┌─ DATASET CONTENT
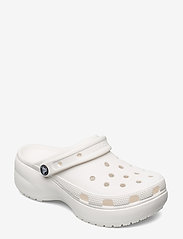 classic platform clog white
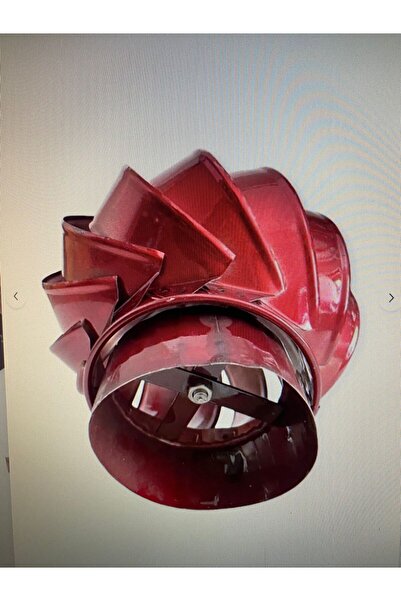 KÜÇÜKHOME Baca Boru Döneri Sapka Bilyalı Rüzgar Gülü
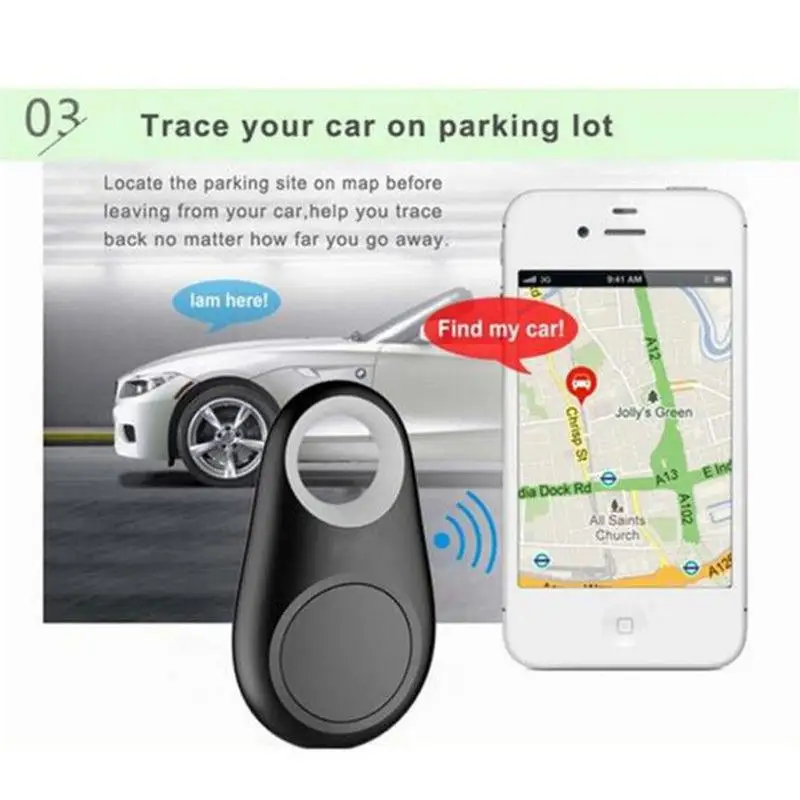 الذكية سيارة مُتعقب بلوتوث GPS محدد علامة إنذار محفظة مفاتيح كلب بتتبع السيارات الاطفال البسيطة تتبع مكتشف جهاز دراجة نارية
└─
ASSIGNED TASK: The pictures are not wanted, but every line of the listing should be duplicated exactly.

RESULT OF THE TASK:
 classic platform clog white
 KÜÇÜKHOME Baca Boru Döneri Sapka Bilyalı Rüzgar Gülü
 الذكية سيارة مُتعقب بلوتوث GPS محدد علامة إنذار محفظة مفاتيح كلب بتتبع السيارات الاطفال البسيطة تتبع مكتشف جهاز دراجة نارية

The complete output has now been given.